Benjamin and Bumper to the Rescue

By Molly Coxe
Photographed by Olivier Toppin
$16.95, ages 3 and up, 40 pages

A royal cat is on the prowl for a tender morsel to eat and unless a little boy mouse and a stuffed pachyderm can outwit him, that morsel could be the boy's mother.

In this enchanting adventure, Benjamin Middlemouse enlists his elephant friend Bumper to help him find his missing mother, only to discover Sir Pouncelot the cat is prepping her for his dinner.

Award-winning Coxe, author of the early readers Big Egg and R is for Radish, transforms a simple tale into a magical picture book with miniature scenes that only the most delicate fingers could arrange.

Wool felt animals small enough to fit in a child's hands, some with clay paws, others with medieval outfits, are positioned in cluttered rooms and rustic settings in a real-life medieval village.

Every scene is exquisitely photographed by France's Toppin, whose use of light and perspective will make readers want to believe everything they see and might even inspire some to fashion a tiny hideaway for a toy mouse of their own.

When Mrs. Middlemouse doesn't return to their home in a child's wardrobe after running errands, son Benjamin, a soft little mouse with blue gingham pants and a jute belt, decides he'd better load up his friend Bumper, an elephant living on the bed outside the wardrobe, and set off to look for her.

Of course, no search-and-rescue mission would be complete without a makeshift howdah, the large saddle used on elephant safaris, and an ornate blanket with pom-poms, and let's see how much gear Benjamin can pack on the back of his good friend:

There's his teeny tiny tool box, which is always handy if he has to rig something up. No doubt he'll need a little coil of twine if he has to climb furniture. (Just stick the coil to Bumper's bumper with a sewing pin -- no worries, stuffed toys have a tough little toosh.)

And don't forget to load up an alphabet block (so he can step onto stuff), a dollhouse croquet mallet and dinner fork (should he need to clobber someone), and of course, no boy mouse would be without a rubber band slingshot and a good supply of kernels to fling. 

Then for good measure, add in a red-and-white battle flag and a royal medal of valor.

Now that Bumper's back is packed to overflowing, the resourceful pair begins their search, first traveling over an area rug littered with half-played old games and well-worn books, then making their way to the kitchen to sniff for signs of Benjamin's mother. 

Once in the kitchen, Benjamin casts a climbing rope onto a table so that the grappling hook, a silver button, catches between stacked dishes, and once on top of the table, he piles up two sugar cubes so he can look inside a cup.

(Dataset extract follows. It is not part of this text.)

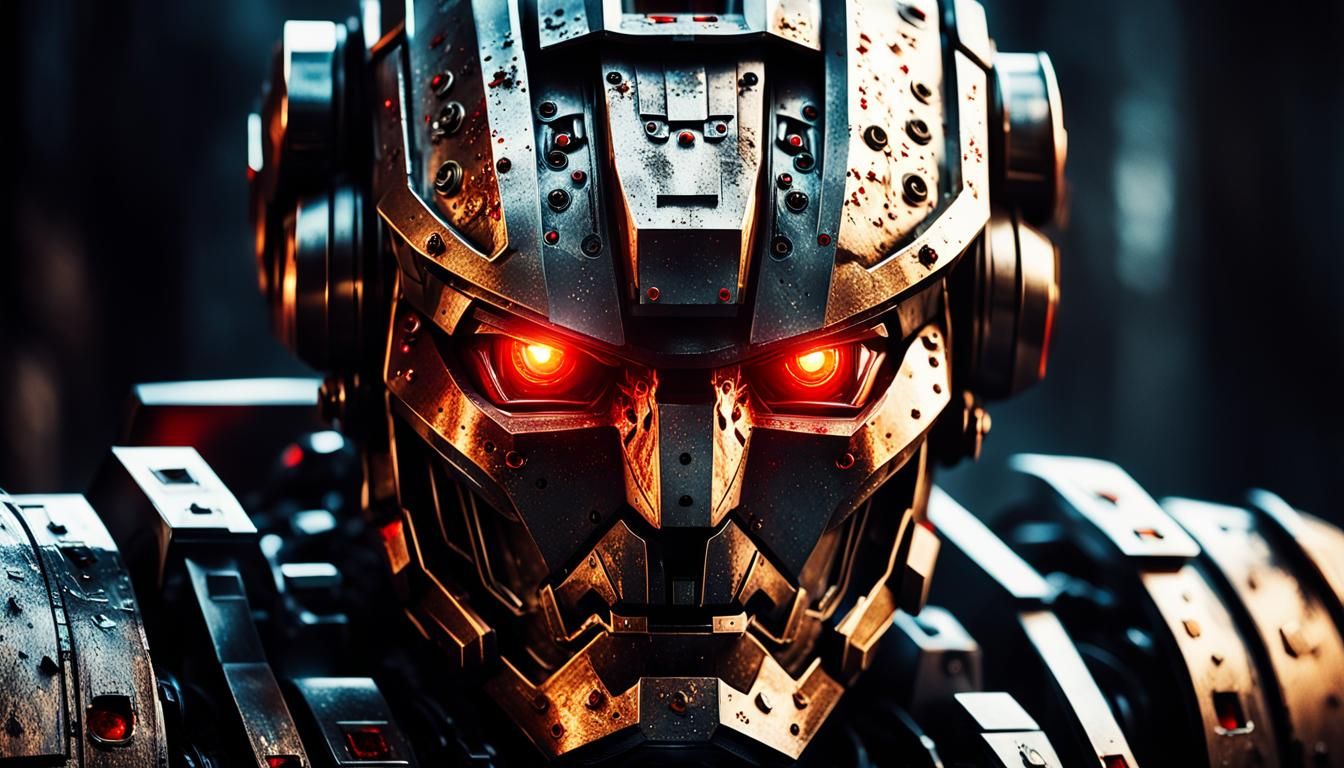 Dystopian Robot Poster in Cinematic Style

But, his search is to no avail. "Where could she be?" he asks himself.

Perhaps the Pantrymice have seen his mother. So on they go into the pantry to inquire of a family of mice who are playing among the baskets. Luck has it, Posie Pantrymouse just saw Benjamin's mother heading to the garden to pick a tomato.

But be careful, Posie's father adds, Sir Pouncelot the cat is outside on the hunt for ingredients for his favorite dish -- mice 'n' mole casserole.

Oh no. "We have to warn Mom!" Benjamin cries.

As we all know, elephants move at a slow, methodical pace, so quick as he can, Benjamin unpacks parts of a scooter from Bumper's back, rigs them together and off they zip down a rocky path to the tomato patch.

Once there, Mom is nowhere to be found, but Bumper spots her list of errands in the mulch (she's already checked off "chocolate chip" and "bread crumb," but not "tomato"). And isn't that the scent of Sir Pouncelot?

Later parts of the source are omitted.